Thomas Mayr-Harting wird von manchem beneidet – weniger um seine Arbeit, eher um seinen Arbeitsplatz mitten in Manhattan und vor allem um seine Amtsresidenz an der noblen Upper East Side, an der Doormen und Hundesitter quasi zur Grundausstattung gehören. „Man entdeckt auf einmal unvermutete Freunde und Bekannte, die sich zum Besuch ansagen“, erzählt Österreichs UN-Botschafter süffisant.
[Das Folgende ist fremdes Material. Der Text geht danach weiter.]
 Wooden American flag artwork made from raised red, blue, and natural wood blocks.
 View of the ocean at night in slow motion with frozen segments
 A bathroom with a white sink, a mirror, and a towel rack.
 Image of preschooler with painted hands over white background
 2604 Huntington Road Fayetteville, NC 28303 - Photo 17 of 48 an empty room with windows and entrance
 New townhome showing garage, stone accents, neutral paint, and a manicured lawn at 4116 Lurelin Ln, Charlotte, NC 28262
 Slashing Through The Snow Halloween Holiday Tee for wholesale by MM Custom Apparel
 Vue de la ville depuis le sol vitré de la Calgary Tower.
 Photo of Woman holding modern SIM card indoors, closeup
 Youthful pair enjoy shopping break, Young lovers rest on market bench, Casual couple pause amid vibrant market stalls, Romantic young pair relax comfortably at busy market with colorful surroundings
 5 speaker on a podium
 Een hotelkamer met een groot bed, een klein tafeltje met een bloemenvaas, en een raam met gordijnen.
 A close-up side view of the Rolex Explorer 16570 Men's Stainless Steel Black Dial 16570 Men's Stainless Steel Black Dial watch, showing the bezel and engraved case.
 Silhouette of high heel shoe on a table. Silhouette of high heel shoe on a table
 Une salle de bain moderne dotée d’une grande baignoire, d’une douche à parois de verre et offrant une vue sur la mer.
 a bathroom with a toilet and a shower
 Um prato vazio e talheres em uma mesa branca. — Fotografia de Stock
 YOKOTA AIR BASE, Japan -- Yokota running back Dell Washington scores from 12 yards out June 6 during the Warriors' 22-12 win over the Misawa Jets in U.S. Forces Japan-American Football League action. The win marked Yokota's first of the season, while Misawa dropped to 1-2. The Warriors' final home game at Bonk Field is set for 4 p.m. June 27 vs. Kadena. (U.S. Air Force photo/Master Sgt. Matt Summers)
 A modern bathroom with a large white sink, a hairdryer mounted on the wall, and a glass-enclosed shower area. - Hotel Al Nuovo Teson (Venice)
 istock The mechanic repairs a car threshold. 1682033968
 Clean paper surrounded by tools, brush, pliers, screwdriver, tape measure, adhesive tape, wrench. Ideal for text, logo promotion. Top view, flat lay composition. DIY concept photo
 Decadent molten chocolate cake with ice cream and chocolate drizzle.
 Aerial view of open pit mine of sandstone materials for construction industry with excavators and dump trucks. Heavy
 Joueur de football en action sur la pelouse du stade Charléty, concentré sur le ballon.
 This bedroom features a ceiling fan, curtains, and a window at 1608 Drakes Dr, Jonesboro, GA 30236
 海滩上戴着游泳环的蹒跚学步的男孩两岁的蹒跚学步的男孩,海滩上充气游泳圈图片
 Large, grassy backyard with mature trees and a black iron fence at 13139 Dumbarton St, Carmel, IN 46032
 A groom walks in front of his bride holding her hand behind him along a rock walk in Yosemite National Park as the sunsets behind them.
Das Apartment liegt an der New Yorker Museumsmeile, zwischen dem Guggenheim-Museum und der Neuen Galerie: Start und Endpunkt des Sonntagsspaziergangs, der ihn in das Großstadtidyll des Central Park führt. Die grüne Lunge Manhattans mit einem einzigartigen Blick auf die Skyline, Schauplatz unzähliger Filme und Auslaufplatz der New Yorker, ist nur einen Katzensprung entfernt. „Hierher komme ich manchmal am Wochenende, um frische Luft zu schnappen.“

Hier, rund um das Jackie-Kennedy-Reservoir, den großen Teich im Herzen des Parks, drängen sich zu jeder Tageszeit die Jogger. „Ich habe mich aber noch nicht aufgerafft, hier eine Runde zu drehen“, gesteht der 55-jährige Karrierediplomat. „Im Gegensatz zu meiner Frau und meinen Söhnen.“ Seine Frau ist im Zirkel der Botschafterfrauen aktiv – ein Netzwerk, das durchaus auch beruflich von Nutzen ist. „Sie hat ihren eigenen Terminkalender.“ Der eine Sohn hat in New York seinen Gedenkdienst absolviert, der andere hat gerade ein UN-Praktikum begonnen. Die Familie war jedenfalls hellauf begeistert, als der Karrieresprung des Politischen Direktors des Außenministeriums nach New York anstand. „Das größte Problem ist, den Kindern Kontinuität und Verwurzelung zu bieten“, resümiert der Botschafter das unstete Leben eines Diplomatenhaushalts.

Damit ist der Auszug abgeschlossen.